Dabei ist ganz klar, dass ein Beitritt der Ukraine die EU in ihrer jetzigen Form in jeder Weise überfordern, wenn nicht zerstören würde. So wäre die Ukraine hinter Frankreich das flächenmäßig größte Land in der EU. Alleine die von Russland besetzten Gebiete sind so groß wie Österreich und Dänemark zusammen. Und mit 41 Millionen Einwohnern läge das Land in der EU hinter Deutschland, Frankreich, Italien und Spanien an fünfter Stelle. Entsprechend großes Gewicht hätte die Stimme Kiews in Brüssel.
So flächenmäßig groß die Ukraine ist, so schwach ist ihr Bruttoinlandsprodukt (BIP), das – angeführt von Luxemburg mit 101.700 Euro pro Kopf – im EU-Durchschnitt bei 29.940 Euro liegt (Österreich 42.540 Euro). Das ärmste EU-Land ist Bulgarien mit einem BIP pro Kopf von 8840 Euro, die Ukraine kommt gerade einmal auf 3262 Euro.
Damit wäre das Land im Falle eines Beitritts plötzlich der größte Bezieher von sogenannten Kohäsionsgeldern, also Transferleistungen aus anderen EU-Staaten. Und das, wo die Ukraine laut der Organisation Tansparency International im internationalen Korruptionsindex auf Platz 122 liegt, also nur knapp vor Russland auf Platz 136 von insgesamt 180.
Ein Beitritt der Ukraine würde die EU also auch finanziell aus den Angeln heben.
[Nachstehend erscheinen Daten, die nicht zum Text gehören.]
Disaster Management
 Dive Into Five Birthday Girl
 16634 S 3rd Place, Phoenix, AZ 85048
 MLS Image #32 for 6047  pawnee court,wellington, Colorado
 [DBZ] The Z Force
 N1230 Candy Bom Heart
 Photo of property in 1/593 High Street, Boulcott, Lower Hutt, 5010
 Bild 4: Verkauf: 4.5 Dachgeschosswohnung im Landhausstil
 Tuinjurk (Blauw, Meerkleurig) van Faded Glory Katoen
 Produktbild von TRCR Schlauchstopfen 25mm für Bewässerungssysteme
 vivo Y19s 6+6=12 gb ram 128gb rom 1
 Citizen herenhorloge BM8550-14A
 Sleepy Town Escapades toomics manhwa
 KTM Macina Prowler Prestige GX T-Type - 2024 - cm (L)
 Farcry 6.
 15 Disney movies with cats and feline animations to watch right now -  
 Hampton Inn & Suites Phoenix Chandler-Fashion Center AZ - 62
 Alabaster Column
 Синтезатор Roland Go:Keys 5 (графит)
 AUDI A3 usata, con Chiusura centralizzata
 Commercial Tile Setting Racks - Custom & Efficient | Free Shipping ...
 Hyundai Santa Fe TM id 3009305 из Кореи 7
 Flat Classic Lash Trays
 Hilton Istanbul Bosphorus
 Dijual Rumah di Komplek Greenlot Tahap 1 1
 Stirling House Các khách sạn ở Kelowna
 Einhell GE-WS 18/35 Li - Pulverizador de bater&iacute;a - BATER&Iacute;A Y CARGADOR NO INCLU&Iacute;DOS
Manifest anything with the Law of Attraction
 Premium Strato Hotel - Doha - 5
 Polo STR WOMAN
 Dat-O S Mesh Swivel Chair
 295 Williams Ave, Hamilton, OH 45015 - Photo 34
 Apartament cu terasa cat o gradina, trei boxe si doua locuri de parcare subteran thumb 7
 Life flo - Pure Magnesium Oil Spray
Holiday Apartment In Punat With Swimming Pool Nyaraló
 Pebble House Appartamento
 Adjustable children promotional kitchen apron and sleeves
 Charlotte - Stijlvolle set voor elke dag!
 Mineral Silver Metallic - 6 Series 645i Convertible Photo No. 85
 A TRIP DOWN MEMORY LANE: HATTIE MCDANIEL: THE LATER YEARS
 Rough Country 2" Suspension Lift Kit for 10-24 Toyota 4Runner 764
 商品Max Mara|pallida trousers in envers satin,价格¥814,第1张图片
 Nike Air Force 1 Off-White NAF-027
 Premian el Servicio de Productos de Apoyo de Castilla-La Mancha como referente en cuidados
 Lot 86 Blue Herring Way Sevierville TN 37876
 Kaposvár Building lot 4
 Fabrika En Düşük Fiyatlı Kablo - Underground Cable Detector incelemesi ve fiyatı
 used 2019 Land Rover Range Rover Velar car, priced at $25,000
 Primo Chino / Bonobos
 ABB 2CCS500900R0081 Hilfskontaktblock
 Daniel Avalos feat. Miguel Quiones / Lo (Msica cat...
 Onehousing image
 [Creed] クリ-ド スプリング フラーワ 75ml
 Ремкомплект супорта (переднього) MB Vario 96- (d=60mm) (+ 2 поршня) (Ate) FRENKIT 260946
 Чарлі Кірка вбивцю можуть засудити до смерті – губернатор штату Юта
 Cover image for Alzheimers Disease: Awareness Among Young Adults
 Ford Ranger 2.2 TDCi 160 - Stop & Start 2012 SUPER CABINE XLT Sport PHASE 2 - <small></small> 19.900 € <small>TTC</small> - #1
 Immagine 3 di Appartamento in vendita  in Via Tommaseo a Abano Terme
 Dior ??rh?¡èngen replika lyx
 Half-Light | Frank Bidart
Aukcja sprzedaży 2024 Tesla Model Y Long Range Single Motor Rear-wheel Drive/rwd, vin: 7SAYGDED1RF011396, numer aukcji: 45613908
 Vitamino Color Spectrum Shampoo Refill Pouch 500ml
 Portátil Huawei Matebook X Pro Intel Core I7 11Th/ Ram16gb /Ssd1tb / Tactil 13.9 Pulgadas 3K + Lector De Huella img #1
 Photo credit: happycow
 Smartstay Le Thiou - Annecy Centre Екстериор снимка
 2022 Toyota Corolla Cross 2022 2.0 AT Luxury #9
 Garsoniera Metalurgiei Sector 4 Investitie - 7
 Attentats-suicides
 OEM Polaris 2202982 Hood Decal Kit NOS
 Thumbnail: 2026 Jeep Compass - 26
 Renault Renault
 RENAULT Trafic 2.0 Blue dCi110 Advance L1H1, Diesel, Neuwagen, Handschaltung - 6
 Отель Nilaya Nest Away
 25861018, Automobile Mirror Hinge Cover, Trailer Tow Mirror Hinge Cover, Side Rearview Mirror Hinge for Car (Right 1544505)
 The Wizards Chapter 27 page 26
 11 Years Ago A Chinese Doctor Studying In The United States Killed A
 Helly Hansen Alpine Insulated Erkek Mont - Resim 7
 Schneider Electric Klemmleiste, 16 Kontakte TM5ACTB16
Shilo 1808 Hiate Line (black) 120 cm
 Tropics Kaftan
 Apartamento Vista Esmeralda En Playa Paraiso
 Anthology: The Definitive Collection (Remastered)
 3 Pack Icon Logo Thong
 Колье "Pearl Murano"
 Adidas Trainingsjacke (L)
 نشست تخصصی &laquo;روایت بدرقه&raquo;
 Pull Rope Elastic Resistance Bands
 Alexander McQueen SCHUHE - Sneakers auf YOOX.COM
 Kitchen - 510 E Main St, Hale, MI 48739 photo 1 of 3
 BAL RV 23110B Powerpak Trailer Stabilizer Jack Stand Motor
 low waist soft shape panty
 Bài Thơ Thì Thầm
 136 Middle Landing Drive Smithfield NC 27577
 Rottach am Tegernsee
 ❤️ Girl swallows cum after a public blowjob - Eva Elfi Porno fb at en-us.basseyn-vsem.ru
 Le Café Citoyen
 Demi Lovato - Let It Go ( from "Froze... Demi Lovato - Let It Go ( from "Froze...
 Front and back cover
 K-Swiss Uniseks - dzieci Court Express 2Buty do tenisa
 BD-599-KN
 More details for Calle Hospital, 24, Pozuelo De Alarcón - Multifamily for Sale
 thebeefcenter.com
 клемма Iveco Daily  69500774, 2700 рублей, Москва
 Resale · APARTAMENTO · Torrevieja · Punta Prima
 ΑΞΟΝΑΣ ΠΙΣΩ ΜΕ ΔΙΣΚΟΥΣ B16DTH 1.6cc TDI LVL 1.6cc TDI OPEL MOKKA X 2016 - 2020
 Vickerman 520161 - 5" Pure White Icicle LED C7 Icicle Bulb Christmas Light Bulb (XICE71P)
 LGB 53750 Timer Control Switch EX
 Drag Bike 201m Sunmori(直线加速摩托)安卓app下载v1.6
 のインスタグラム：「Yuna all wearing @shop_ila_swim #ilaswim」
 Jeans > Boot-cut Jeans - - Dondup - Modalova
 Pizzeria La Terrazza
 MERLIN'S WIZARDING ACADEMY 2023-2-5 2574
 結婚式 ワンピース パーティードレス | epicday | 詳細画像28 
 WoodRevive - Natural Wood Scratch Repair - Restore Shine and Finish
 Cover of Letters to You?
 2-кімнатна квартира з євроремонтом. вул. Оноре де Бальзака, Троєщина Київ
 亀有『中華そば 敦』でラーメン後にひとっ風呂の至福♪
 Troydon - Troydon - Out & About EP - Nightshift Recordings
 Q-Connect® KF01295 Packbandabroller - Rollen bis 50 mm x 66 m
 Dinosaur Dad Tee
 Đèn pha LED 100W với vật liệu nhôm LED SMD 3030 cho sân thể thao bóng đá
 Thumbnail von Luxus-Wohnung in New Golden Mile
Ganz zu schweigen von den Agrarförderungen, ist die landwirtschaftlich genutzte Fläche doch größer als Deutschland.
All das ist in Brüssel natürlich bekannt, wird aber unter den Tisch gekehrt. Während alle anderen Staaten massive Reformen durchführen mussten, um den Status eines Beitrittskandidaten zu erlangen, hat das für die Ukraine alles keine Gültigkeit. Der Frust auf dem Westbalkan, wo man seit vielen Jahren nichts als Vertröstungen aus Brüssel zu hören bekommt, ist entsprechend groß. Verständlicherweise.
Die EU hat sich gehörig selbst ins Knie geschossen. Und der Ukraine wird es nichts bringen, weil sie nicht EU-Mitglied werden wird. Nicht in absehbarer Zeit. Dafür ist nämlich ebenfalls Einstimmigkeit vonnöten.
Oder will die EU sich ernsthaft selbst in die Luft sprengen? Solidarität mit der Ukraine kann man auch anders zeigen. Vor allem aber sollte man dabei ehrlich sein.